- Your assignment: Over all lines in the data below, count those holding "Manual" and give only the result.

---------- Supplied records

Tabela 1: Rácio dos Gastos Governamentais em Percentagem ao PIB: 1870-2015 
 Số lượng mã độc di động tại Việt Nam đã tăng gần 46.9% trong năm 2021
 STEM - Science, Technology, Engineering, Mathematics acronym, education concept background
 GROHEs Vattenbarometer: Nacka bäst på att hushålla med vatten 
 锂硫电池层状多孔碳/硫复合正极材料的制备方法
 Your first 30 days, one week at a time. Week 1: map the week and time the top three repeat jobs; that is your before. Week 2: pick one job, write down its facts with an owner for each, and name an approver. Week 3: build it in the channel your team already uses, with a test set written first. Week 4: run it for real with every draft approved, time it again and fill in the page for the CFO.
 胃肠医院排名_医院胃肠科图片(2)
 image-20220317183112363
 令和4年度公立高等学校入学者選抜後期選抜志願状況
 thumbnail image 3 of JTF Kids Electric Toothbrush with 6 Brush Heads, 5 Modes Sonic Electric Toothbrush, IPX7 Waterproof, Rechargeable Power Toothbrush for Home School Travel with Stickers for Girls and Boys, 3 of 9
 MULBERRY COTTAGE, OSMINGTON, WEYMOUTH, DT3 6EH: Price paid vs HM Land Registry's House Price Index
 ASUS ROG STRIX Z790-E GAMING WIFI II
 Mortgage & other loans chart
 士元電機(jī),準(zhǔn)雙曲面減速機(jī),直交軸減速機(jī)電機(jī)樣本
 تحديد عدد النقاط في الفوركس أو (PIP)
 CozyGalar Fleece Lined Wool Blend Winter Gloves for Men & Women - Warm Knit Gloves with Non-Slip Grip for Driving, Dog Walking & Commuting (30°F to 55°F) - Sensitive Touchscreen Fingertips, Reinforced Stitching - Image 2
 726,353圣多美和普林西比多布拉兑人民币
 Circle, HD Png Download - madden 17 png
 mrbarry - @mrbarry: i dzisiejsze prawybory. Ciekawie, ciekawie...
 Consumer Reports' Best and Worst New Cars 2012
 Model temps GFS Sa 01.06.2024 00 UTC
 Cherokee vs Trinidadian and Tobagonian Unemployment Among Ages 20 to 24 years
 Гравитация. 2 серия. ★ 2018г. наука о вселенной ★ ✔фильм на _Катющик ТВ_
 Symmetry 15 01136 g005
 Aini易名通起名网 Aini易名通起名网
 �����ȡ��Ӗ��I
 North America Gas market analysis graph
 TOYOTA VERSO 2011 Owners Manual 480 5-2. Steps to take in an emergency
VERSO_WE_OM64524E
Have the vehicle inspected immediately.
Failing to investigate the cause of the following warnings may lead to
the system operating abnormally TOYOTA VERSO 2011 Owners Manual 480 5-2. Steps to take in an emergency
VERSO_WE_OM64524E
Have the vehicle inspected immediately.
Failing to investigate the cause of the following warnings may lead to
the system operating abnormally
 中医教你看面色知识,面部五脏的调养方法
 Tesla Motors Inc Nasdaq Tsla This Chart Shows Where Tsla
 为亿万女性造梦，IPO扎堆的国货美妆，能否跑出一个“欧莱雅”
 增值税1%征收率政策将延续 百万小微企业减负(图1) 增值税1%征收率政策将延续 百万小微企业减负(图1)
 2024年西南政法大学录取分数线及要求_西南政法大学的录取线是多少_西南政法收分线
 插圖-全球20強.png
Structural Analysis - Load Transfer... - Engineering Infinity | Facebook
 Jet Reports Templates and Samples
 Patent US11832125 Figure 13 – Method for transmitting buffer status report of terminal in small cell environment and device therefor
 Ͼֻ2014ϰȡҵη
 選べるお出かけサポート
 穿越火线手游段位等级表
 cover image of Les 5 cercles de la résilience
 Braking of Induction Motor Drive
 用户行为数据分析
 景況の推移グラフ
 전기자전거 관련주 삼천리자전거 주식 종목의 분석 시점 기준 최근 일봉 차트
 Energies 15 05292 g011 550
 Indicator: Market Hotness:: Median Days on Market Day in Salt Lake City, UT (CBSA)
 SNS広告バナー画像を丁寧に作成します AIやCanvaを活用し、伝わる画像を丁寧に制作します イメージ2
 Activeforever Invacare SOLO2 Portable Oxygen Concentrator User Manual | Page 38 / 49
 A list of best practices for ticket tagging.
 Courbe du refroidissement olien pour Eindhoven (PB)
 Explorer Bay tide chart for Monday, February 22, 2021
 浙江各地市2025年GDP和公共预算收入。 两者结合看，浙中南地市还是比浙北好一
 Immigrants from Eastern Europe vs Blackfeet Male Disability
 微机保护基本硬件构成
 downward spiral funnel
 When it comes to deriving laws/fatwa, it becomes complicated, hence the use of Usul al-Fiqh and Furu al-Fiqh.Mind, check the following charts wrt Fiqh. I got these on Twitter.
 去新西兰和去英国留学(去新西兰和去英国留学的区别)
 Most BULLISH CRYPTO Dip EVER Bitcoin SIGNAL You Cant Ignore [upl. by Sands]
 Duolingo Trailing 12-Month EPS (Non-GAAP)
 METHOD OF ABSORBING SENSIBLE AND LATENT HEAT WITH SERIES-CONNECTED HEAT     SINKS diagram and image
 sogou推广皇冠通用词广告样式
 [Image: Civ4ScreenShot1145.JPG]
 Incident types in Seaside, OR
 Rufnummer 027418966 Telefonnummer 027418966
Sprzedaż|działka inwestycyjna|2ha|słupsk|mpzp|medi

--------------------

- Exercise result: 3